It's a well-known myth and belief that it only takes three generations to lose family wealth completely. Surely this can't be the case? Just as a family business can generate family wealth, it can also be the cause and reason to put it at risk. Does this suggest that the intersection between business and family is complex? In our experience, the answer is yes.

Epic family feuds

 

For example, the world-famous Lacoste sports brand, owned by the French Lacoste family for eighty years, was sold to investors due to a long and angry conflict between the second and third generations about the company's leadership.

Gucci, the iconic Italian luxury fashion brand, is another case of how infamous family feuds can lead to losing ownership in a family business. The good news is that if business families actively approach complexity, they can lay the fundament for long-lasting business success, wealth preservation, and harmony. 

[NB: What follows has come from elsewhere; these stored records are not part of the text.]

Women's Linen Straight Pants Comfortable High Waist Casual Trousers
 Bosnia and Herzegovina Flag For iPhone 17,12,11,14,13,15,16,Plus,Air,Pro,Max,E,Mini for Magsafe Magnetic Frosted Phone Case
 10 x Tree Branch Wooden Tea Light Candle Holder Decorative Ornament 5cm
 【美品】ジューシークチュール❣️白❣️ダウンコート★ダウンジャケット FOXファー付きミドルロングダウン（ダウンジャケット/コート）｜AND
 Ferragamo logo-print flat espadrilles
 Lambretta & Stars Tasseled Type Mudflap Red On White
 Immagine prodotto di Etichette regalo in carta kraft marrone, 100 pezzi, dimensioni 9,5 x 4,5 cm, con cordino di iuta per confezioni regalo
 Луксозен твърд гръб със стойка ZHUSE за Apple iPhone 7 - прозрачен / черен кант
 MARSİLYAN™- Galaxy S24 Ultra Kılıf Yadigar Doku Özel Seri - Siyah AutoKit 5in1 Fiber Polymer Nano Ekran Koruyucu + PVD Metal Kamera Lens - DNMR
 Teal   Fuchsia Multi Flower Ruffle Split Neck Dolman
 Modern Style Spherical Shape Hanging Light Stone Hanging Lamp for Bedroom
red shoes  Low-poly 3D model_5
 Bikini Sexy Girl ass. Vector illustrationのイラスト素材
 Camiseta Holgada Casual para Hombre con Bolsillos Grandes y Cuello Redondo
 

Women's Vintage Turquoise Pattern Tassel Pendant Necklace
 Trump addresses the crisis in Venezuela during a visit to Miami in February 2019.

How to preserve family wealth 

 

Family governance, family business governance, ownership structuring, and succession planning are essential pillars to preserve family wealth and businesses over generations, not just the first three. In this post, we will look at how they contribute to a comprehensive family business framework.

Family governance

 

The starting point is to create a shared decision-making system for the family based on its history, values, and purpose. Although it is partly modeled on corporate governance concepts, formalities are not the main focus.

Family governance facilitates complex and challenging conversations in a structured setting and guides family members in integrating into and contributing to the family and business network.

Families share the ownership of their wealth. That's why approaching wealth in context with values, purpose, and belonging is essential for its long-term preservation. 

The narrative, why and how

 

In analogy to corporate statements, what used to be a family constitution or charter has converted into powerful narratives. Each family has its story, and it can be a unique source for uncovering the family's culture, values, and purpose. This part of the family governance framework should have an emotional resonance with family members, be meaningful and draw them in. It helps individual family members better connect with their family's perspective and link its story to their experiences. Thus, personal stories align with the family's broader narrative.

Unifying family values and purpose

 

That's an excellent basis to communicate and unify values and purpose. There are many routes to a powerful narrative, why, and how. In our experience, including all family members and working with experienced advisors can trigger a dynamic and cohesive process for everyone involved. Experts can capture different viewpoints and stories to find a common denominator. This often reveals shared values and creates an open dialog about which values are core to the family.

Why are values so important?

 

Values can be the decisive factor towards a unified and robust community alignment in meaning and connection. Sounds perfect for a group of individuals that ideally remain unified over generations.

The group is close to defining its mission if there is a common understanding of how shared values translate into concrete actions.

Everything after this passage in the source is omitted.